7月 ①

「あ、田波じゃん」

改札を出たところで、西出口の方から声がした。

僕のことを苗字で呼ぶのは、バイト先の先輩くらいなので少し驚いた。

呼ばれた方を見てみると、いかにも女子校という感じの清楚な制服に袖を通した、僕と同い年くらいの女の子が、こちらに向かって手を振っていた。

薄く化粧をしてるからか、誰だか分からなかった。

「久しぶり、中学に上がる前みんなで遊んだ以来だよね?」

「そうだね。高校も女子校にしたんだ」

小学生だった頃の記憶の中の思い出にこの子の顔があった、そして、共学で市立の中学校ではなく、お受験をして女子中学校へ進学したことも思い出した。

「お嬢様な私にはいい響きでしょ、女子校って。まぁ、男前の同級生ができないことが難点なんだけどね」

「それは気の毒だね」

「田波、絶対思ってないでしょ」

彼女には悪いが、少し距離感が掴めないので、愛想笑いでやりすごした。

「そこに通ってる子達って、どうやって恋人を作るの?」

「それはもう、他校の文化祭に行きまくるの。その時の女子校生の執念はすごいよ、ほんとに」

僕は困っていた。

こうして話しているうちにいつか思い出すと思っていた、この子の名前が全く出てこないのだ。

必ず知っているはずなのだ、彼女と同じ学校に通い、休み時間や放課後に遊んでいた記憶はあるのだから。

とても歯がゆい、漢字テストで部首は覚えているのに、残りの部分が思い出せないようだ。



「そういえば、あんた今でも梅田と会ってるの?」

「ハルなら今も同じ学校に通ってるよ」

「ほんとに?あんた達、ずっと仲よかったもんね」

思い出話をしながら歩いていると、駐輪場の前まで来てしまった。

「自転車で来てる?」

「ううん、私さ駅まで歩いてるの。
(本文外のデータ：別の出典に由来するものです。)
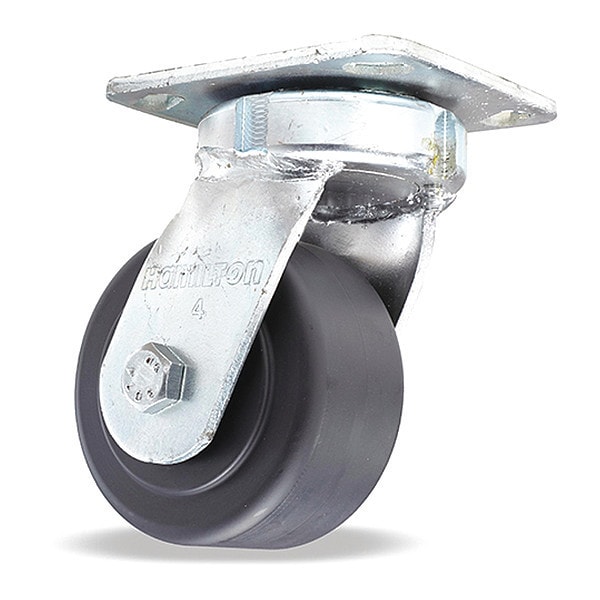 Standard Duty Kingpinless Caster, 4" x 2" Nylast Wheel, 1/2" Sealed Precision Ball Bearing, Foot Brake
ダイエットってやつ」

「そうなんだ、頑張って」

「うん、またね」

去り際に、彼女は少し悲しそうな顔をしたような気がして、呼び止めようとしたがやめておいた。

やはり、あれだけ会話をしていて、名前を出さないのは不自然だったか。

もしかしたら、あの子は僕が名前を知らないことを察したのかもしれない。

あの子はいったい誰だったのだろう……


夕食後、眠くはないが勉強机にうつ伏せになりたい気分だった。

体調を崩したわけではないのだが、気だるさの塊がのしかかってくるような感覚がした。

駅で会ったあの子の名前は、卒業アルバムの類のものを見れば、すぐに知ることができるのだが、そうはしないと決めた。

自分の力で思い出したいと思う気持ちもあるが、何より、そんなことをすれば、あの子や過去の自分に失礼だと思ったのだ。
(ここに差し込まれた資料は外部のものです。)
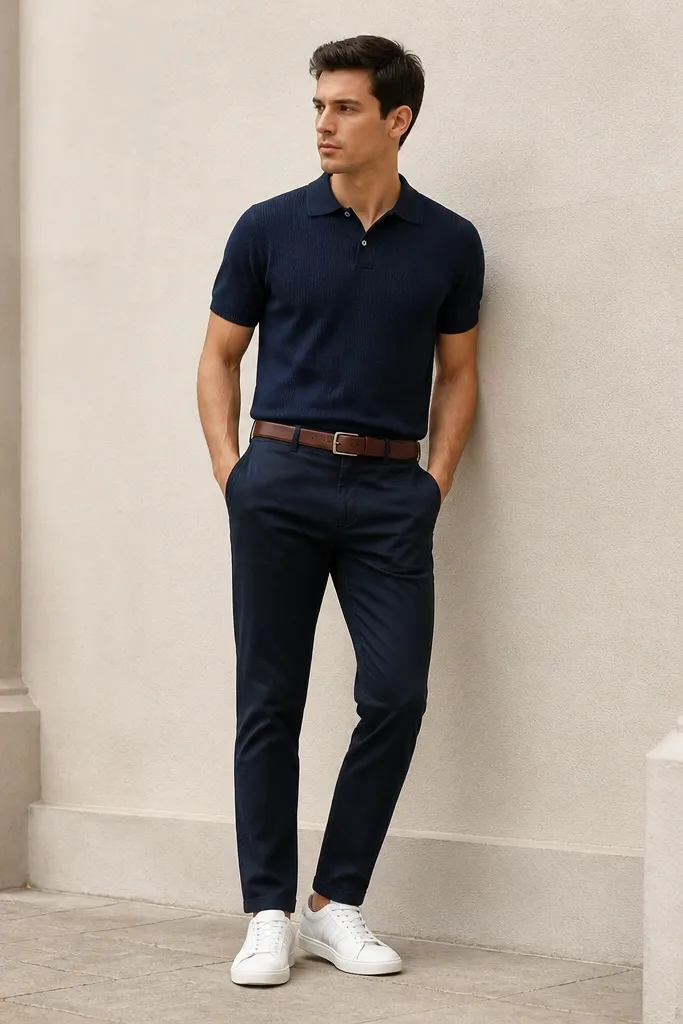 A man wearing white Onitsuka Tiger sneakers, navy tapered chinos, and a navy knit polo shirt with two buttons. The photo shows a clean, minimal look with a brown belt and a neat haircut.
ふいに上体を起こして目を開くと、教科書の束の隅にぽつんと置かれた文庫が目に入った。

それは、僕が二週間前にシンプルなタイトルと作者の名前に惹かれて購入したものだが、いざ中身を読んでみると、老人が海に出るまで持たずに、全く読み進めていない。

僕はその文庫を、ズタズタに引き裂いてやりたい衝動に駆られた。

が、またうつ伏せになり、目を閉じた。